● Task directions:
With pictures removed, print the listing exactly.

● Data section:
◇ ◇ ◇ ◇ ◇ ◇ ◇
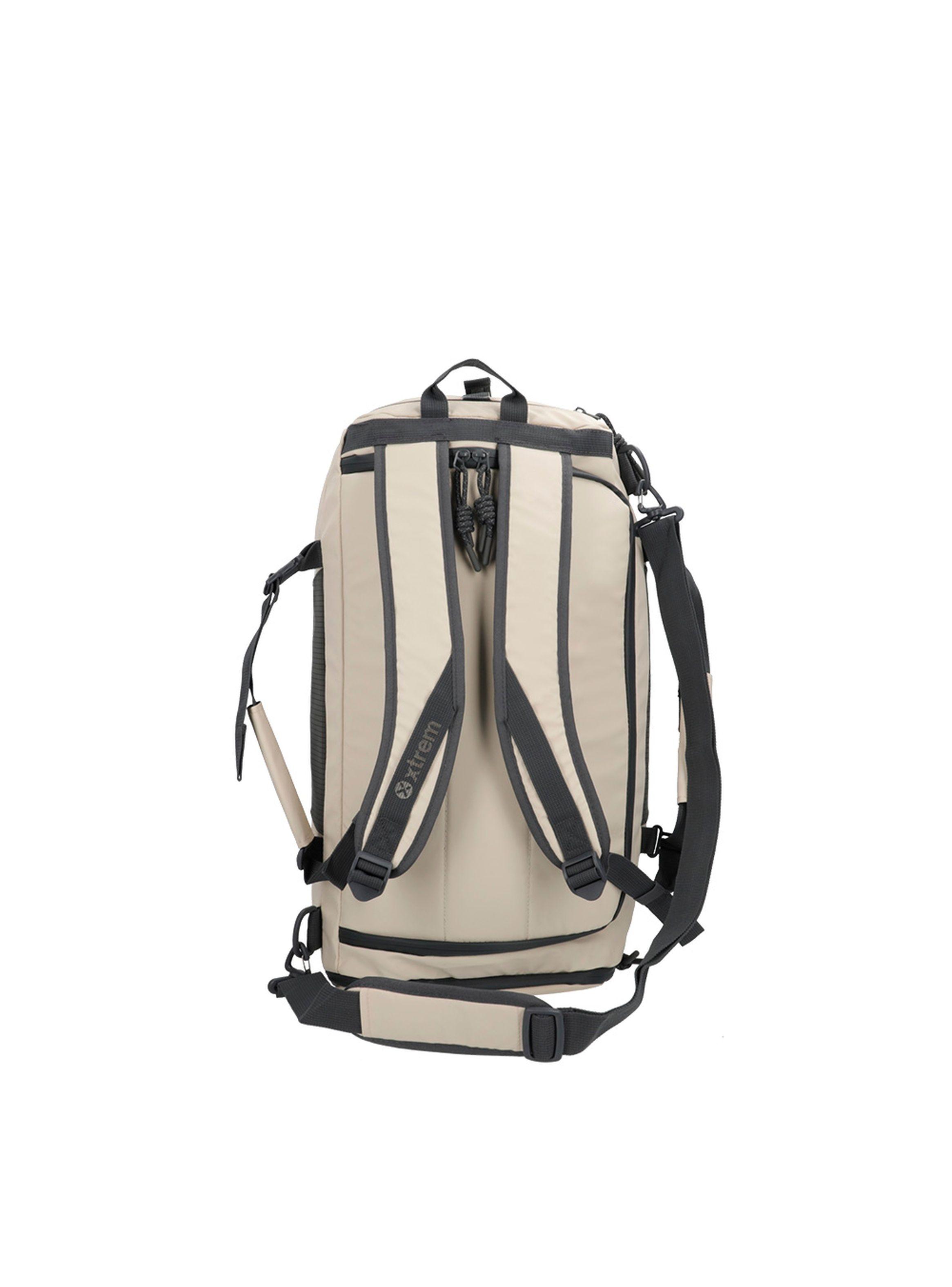 Bolso Deportivo Xtrem Mountain Beige L-2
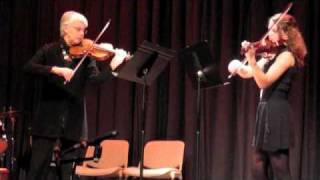 Bach Double, ISP Music Soiree 2011.m4v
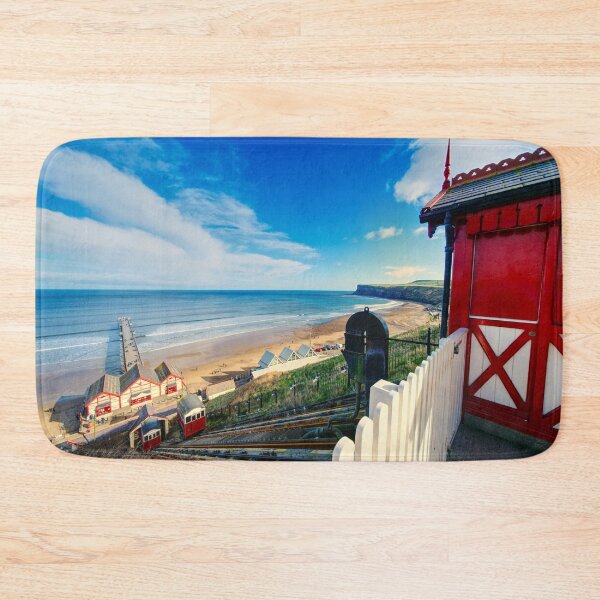Item preview, Saltburn-by-the-Sea designed and sold by Alisonchambers2.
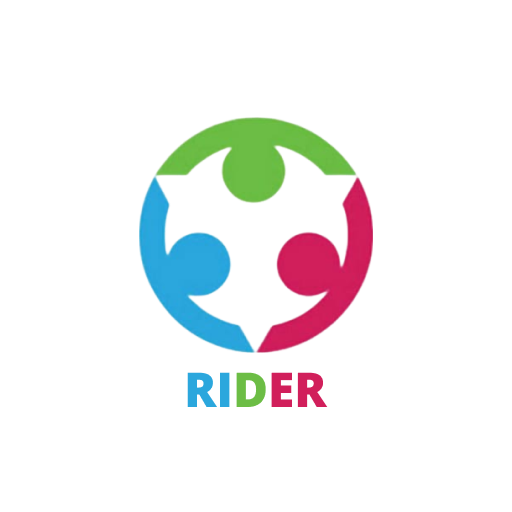 CrowdShop RIDER logo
◇ ◇ ◇ ◇ ◇ ◇ ◇
● Reply to the task:
 Bolso Deportivo Xtrem Mountain Beige L-2
 Bach Double, ISP Music Soiree 2011.m4v
Item preview, Saltburn-by-the-Sea designed and sold by Alisonchambers2.
 CrowdShop RIDER logo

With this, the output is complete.